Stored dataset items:
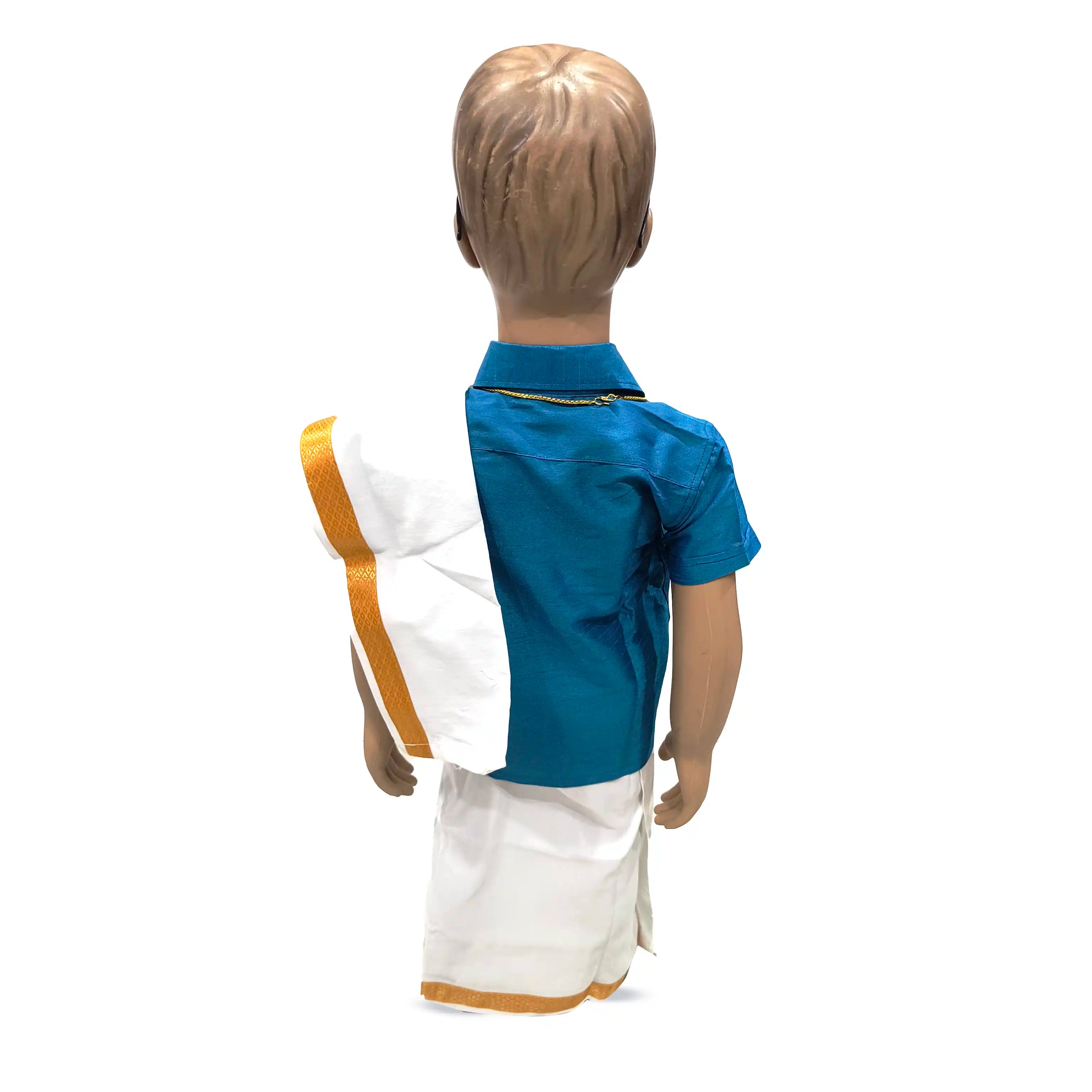 Readymade Silk Shirt with Kanduva and Cotton Dhoti - Multicolor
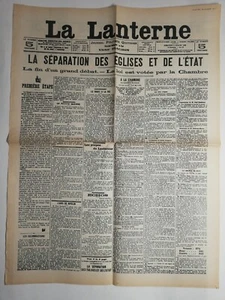 N213 La Une Du Journal La lanterne 5 juillet 1905 la séparation église et état - Imagen 1 de 2
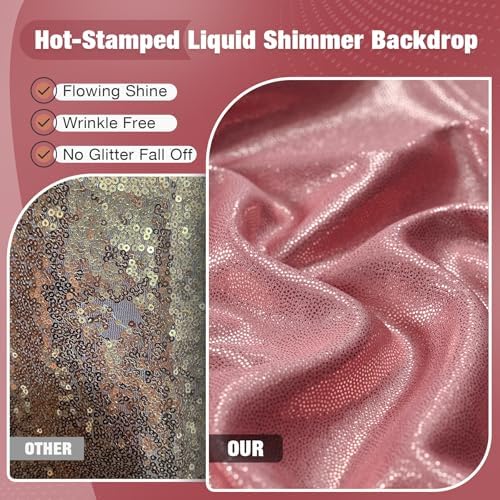 20x10FT Rose Gold Sequin Backdrop Curtain for Party - 4 Panels 5x10FT Wrinkle-Free Shimmer Drapes for Birthday, Wedding, Christmas, Decorations & Photography - Image 2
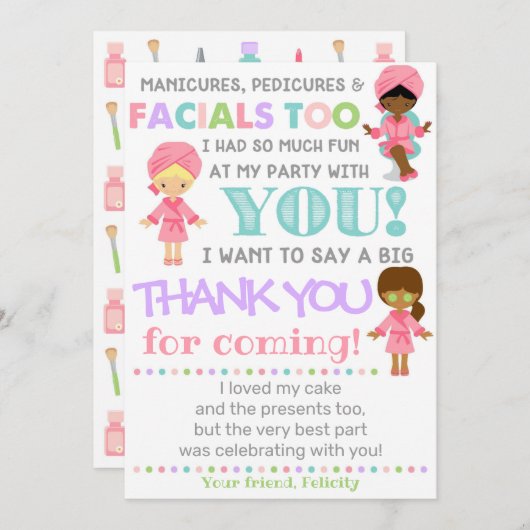 Spa Dank u kaart | Spa Verjaardag Dank u (Voorkant / Achterkant)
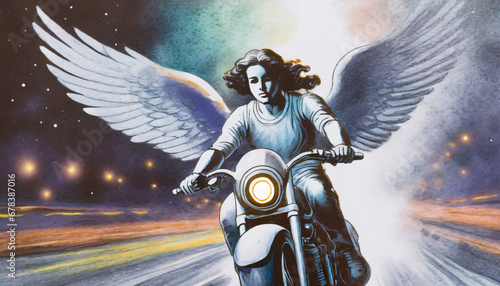An angel riding a motorcycle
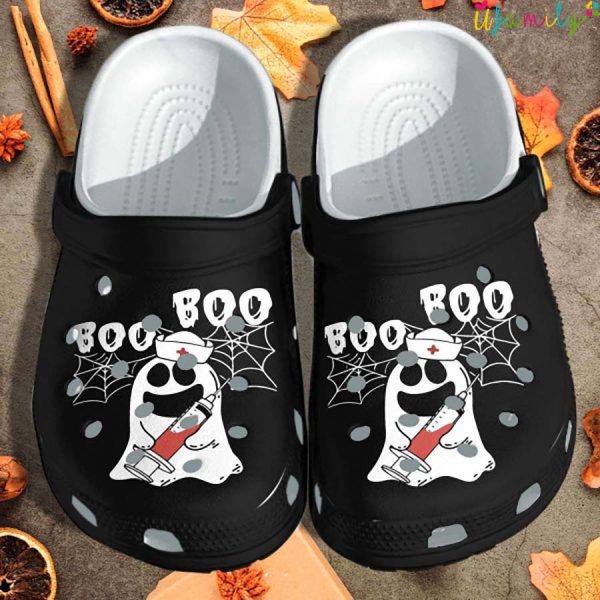 Ghost Nurse Boo Boo Crocs Halloween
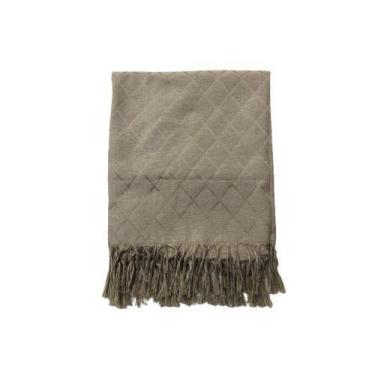 Imagem de Xale Manta Premium para Sofá Decorativa 1,40mx1,60m Catedral Bege - LO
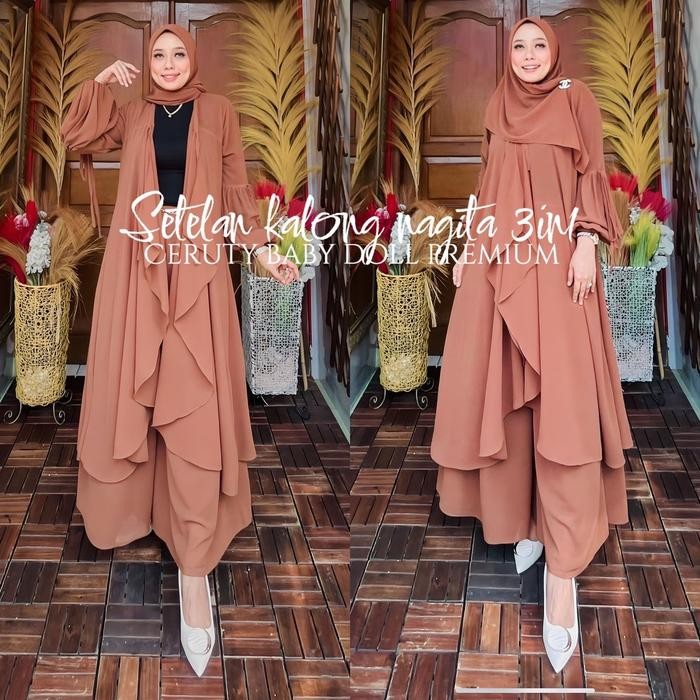Setelan Kalong Nagita Satu Set Jilbab ,Pakaian Muslimah Terbaru ,Outer ,Kardigan,Celana Kulot Palazo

-- What you have to do --
Reproduce all entries above exactly, minus the images.

-- Exercise answer --
 Readymade Silk Shirt with Kanduva and Cotton Dhoti - Multicolor
 N213 La Une Du Journal La lanterne 5 juillet 1905 la séparation église et état - Imagen 1 de 2
 20x10FT Rose Gold Sequin Backdrop Curtain for Party - 4 Panels 5x10FT Wrinkle-Free Shimmer Drapes for Birthday, Wedding, Christmas, Decorations & Photography - Image 2
 Spa Dank u kaart | Spa Verjaardag Dank u (Voorkant / Achterkant)
An angel riding a motorcycle
 Ghost Nurse Boo Boo Crocs Halloween
 Imagem de Xale Manta Premium para Sofá Decorativa 1,40mx1,60m Catedral Bege - LO
Setelan Kalong Nagita Satu Set Jilbab ,Pakaian Muslimah Terbaru ,Outer ,Kardigan,Celana Kulot Palazo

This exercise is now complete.